The reel is a small Sustain. My thought was if I go with line lb higher than the max drag then I can crank down without having to worry. It will be saltwater fishing. Casting is probably 20 to 50 feet. Not far. I also have larger reels too.


----------



## 7.62 (Apr 15, 2011)

...


----------



## rocket (Dec 1, 2008)

Kellercl said:


> The reel is a small Sustain. My thought was if I go with line lb higher than the max drag then I can crank down without having to worry. It will be saltwater fishing. Casting is probably 20 to 50 feet. Not far. I also have larger reels too.

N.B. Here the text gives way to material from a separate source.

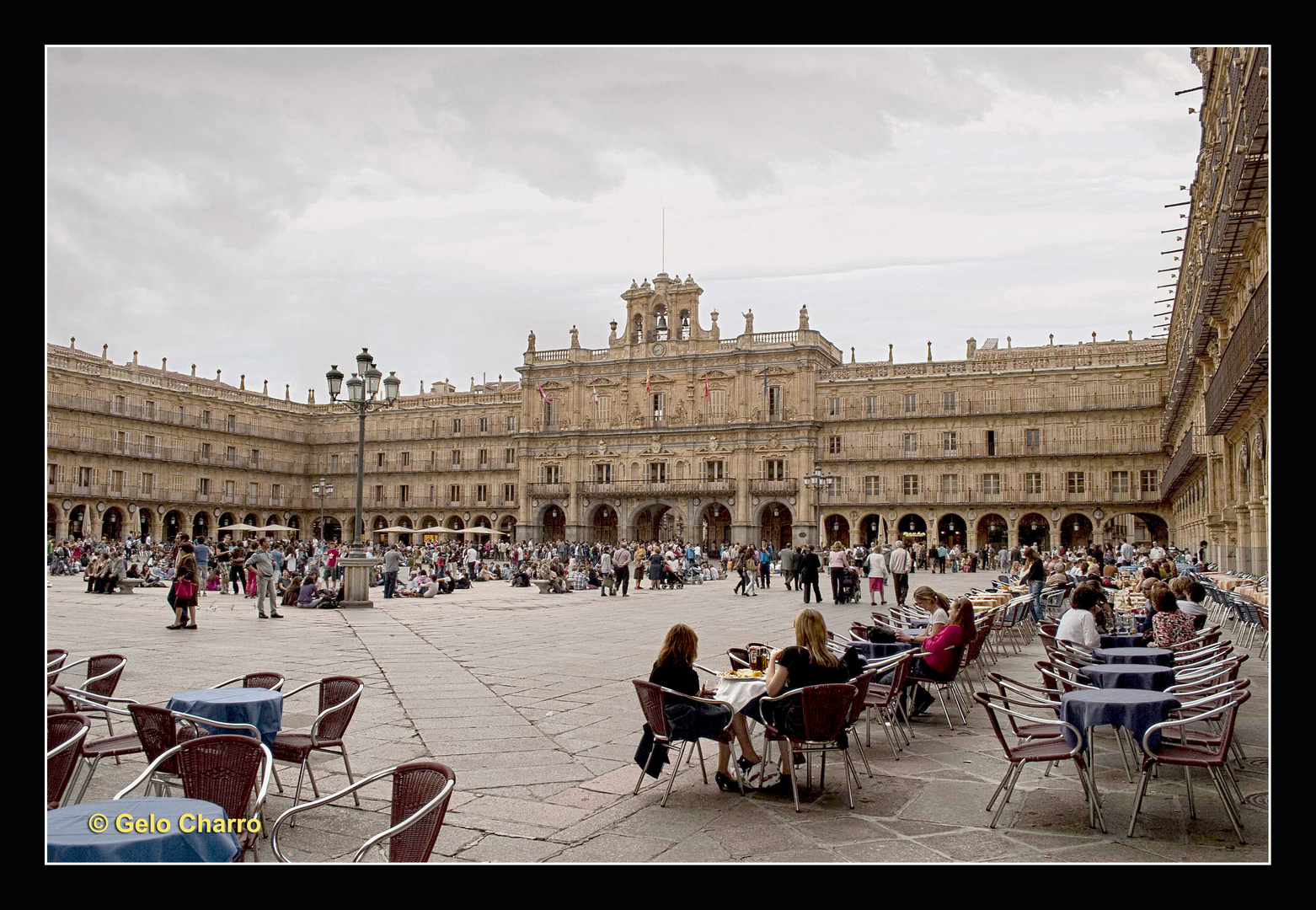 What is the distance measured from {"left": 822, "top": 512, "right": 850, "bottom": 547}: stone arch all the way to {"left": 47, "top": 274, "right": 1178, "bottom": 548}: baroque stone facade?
0.40ft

Maybe you could compromise and go for a 12 - 14 lb braid. You'd be surprised how hard that is to break with a bow in the rod, even with your drag tightened down. If a 3lb fish is challenging 10lb braid something is wrong. You aren't targeting large fish with this setup, or at least you shouldn't be. So 99% of the time you should be just fine with the lighter braid. If you ever have a need to cast further such as tossing a plug, the lighter line will cast better especially on this size reel. 20 lb just seems like overkill to me.


----------



## Kellercl (Jan 28, 2010)

rocket said:


> Maybe you could compromise and go for a 12 - 14 lb braid. You'd be surprised how hard that is to break with a bow in the rod, even with your drag tightened down. If a 3lb fish is challenging 10lb braid something is wrong. You aren't targeting large fish with this setup, or at least you shouldn't be. So 99% of the time you should be just fine with the lighter braid. If you ever have a need to cast further such as tossing a plug, the lighter line will cast better especially on this size reel. 20 lb just seems like overkill to me.

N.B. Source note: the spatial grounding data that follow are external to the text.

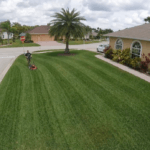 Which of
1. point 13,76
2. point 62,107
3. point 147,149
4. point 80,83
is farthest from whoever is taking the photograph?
point 13,76

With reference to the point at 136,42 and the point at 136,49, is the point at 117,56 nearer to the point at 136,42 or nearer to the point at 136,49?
the point at 136,49

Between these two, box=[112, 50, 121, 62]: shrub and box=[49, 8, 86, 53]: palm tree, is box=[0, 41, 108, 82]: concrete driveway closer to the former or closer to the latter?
box=[49, 8, 86, 53]: palm tree

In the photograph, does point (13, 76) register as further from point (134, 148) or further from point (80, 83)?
point (134, 148)

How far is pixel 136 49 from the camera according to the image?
574 inches

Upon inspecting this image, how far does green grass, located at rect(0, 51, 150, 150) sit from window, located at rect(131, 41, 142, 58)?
3628mm

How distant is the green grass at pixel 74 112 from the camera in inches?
217

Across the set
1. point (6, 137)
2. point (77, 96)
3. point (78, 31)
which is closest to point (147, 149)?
point (77, 96)

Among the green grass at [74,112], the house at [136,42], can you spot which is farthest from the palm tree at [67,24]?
the green grass at [74,112]

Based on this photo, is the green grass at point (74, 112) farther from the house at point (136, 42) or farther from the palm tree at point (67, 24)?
the palm tree at point (67, 24)

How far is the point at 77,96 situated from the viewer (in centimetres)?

Fair point. I am leaning towards 15 lb Powerpro


----------



## Surfmantom (Jun 6, 2012)

I would go with 15lb power pro.


----------



## dchfm123 (Jun 11, 2011)

I would stay away from basic power pro. The super slick is great but basic is garbage. It breaks a lot and has terrible knot strength. As for the reel I would go with the 20 pound test line. You can catch some big fish on 20 and when fishing in the ocean you never know what your going to hook into so having the extra line capacity will be nice. You would be surprised what will bite a small piece of shrimp or cut mullet. It will also cast better if you are casting gotchas or flutter jugs for Spanish and blues. Go with pp super slick or sufix 832. They are both a few dollars more big are well worth it.


----------



## Eattheflounder (Apr 24, 2011)

One other thing to consider;20# braid with the drag locked down, you are right the line probably won't break, what will break? The rod? Or will the reel break. Braid with light tackle offers some advantages but can also cause other problems. My first experience with light braid on a light rig ended with a broken rod on the hook set. I learned pretty quickly after that. It helps to know where you are fishing and what you might catch in that location. If something is going to break, I want it to be my line. I will fish very light gear in the salt, but I will hook into (dare I say it?) A fish that is "too big enough".

ETF


----------



## CoolDude (Sep 28, 2010)

Sounds like you don't cast lures that often so I would go with 14lb test max. Anything less won't hold up to a big fish... anything more?....I don't think your gear is built for it. Putting 20 plus pound test on a light rod could get the rod beat up at best ;-) I have a light reel...I use 12lb to cast for schooling blues using a 9 foot ultralight rod and a mitchell 300. I would trust it with 3-5lb fish. Anything larger than that would be a challenge for that reel. Like, I would dread hooking into a 10-15lb bluefish with that rig. My chances of landing it would decrease significantly.


----------